**Brief:**
In the entries below, return only the line containing "والباقي أقساط شهرية." and those after it, exactly, through the last line.
- Opening Delimiter -
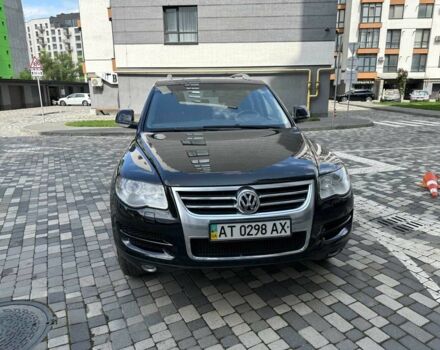 Черный Фольксваген Туарег, объемом двигателя 3 л и пробегом 267 тыс. км за 11000 $, фото 4 на Automoto.ua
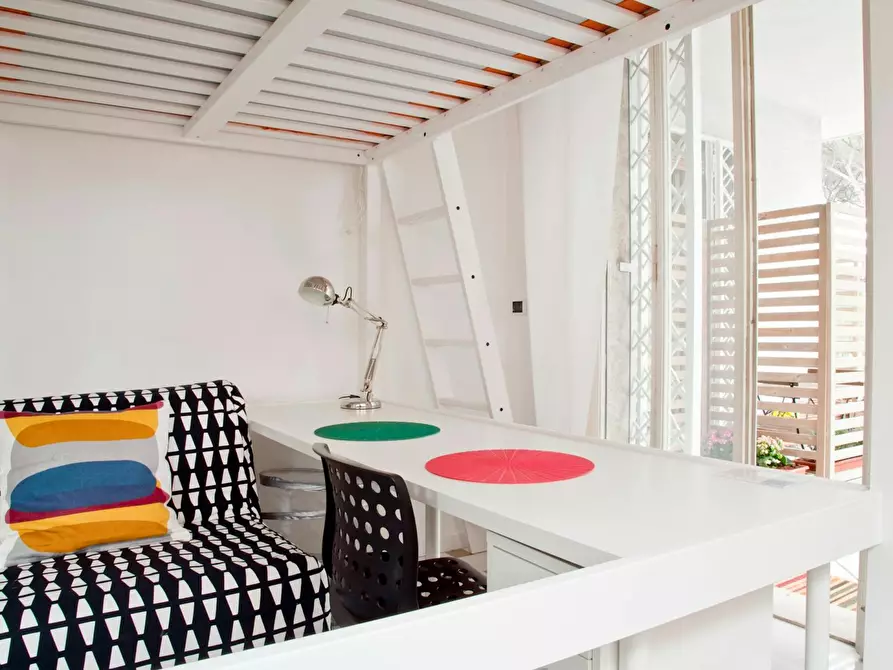 Immagine 2 di Camera in affitto  in Via Salaria a Roma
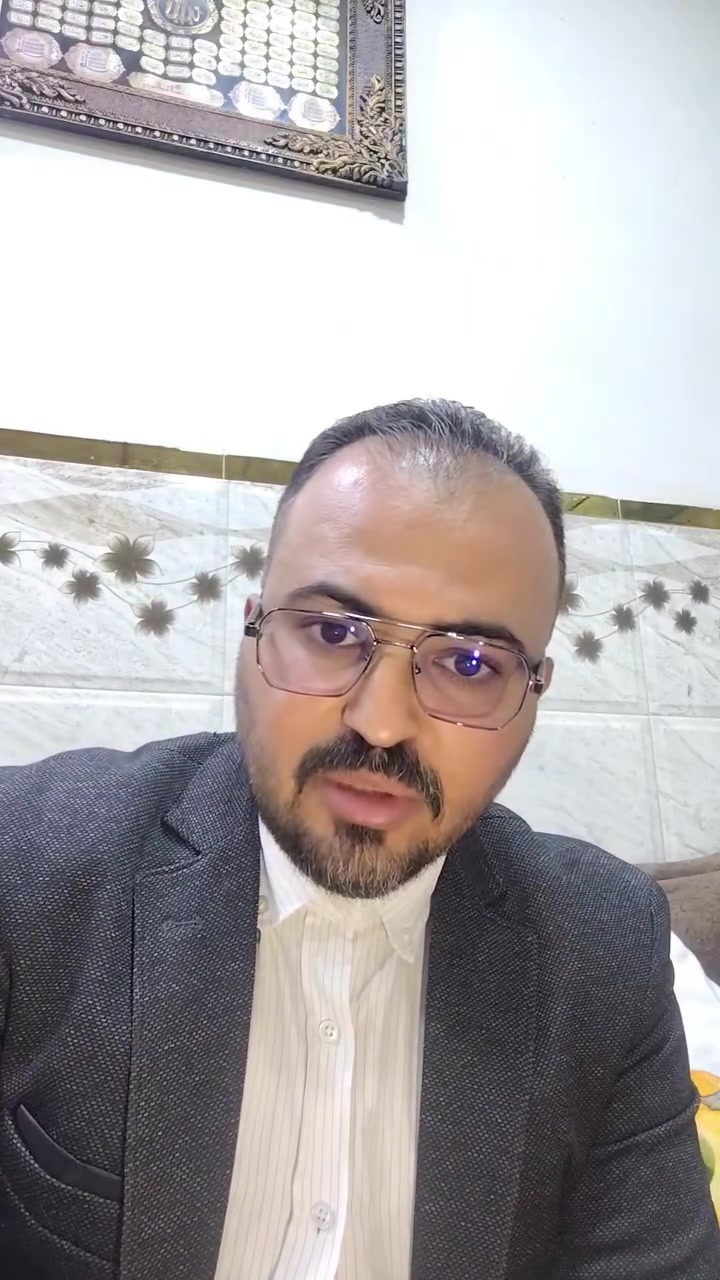 بيت للبيع 
🔹 السعر: 75 مليون دينار عراقي (قابل للتفاوض) 🔹 إمكانية الدفع: نقداً أو مقدمة، والباقي أقساط شهرية.
📐 المساحة: 115 م² 
📏 الواجهة: 11.5 م 
📏 العمق: 10 م
مواصفات البيت: 
✅ غرفتين نوم 
✅ هول 
✅ استقبال 
✅ مطبخ 
✅ منور 
✅ صحيات
📍 الموقع: رجم حديد – الضباط / قرب سوق المعاش وجامع العناز والمدرسة والمستوصف والحديقة العامة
- Closing Delimiter -
**Result for this exercise:**
🔹 السعر: 75 مليون دينار عراقي (قابل للتفاوض) 🔹 إمكانية الدفع: نقداً أو مقدمة، والباقي أقساط شهرية.
📐 المساحة: 115 م² 
📏 الواجهة: 11.5 م 
📏 العمق: 10 م
مواصفات البيت: 
✅ غرفتين نوم 
✅ هول 
✅ استقبال 
✅ مطبخ 
✅ منور 
✅ صحيات
📍 الموقع: رجم حديد – الضباط / قرب سوق المعاش وجامع العناز والمدرسة والمستوصف والحديقة العامة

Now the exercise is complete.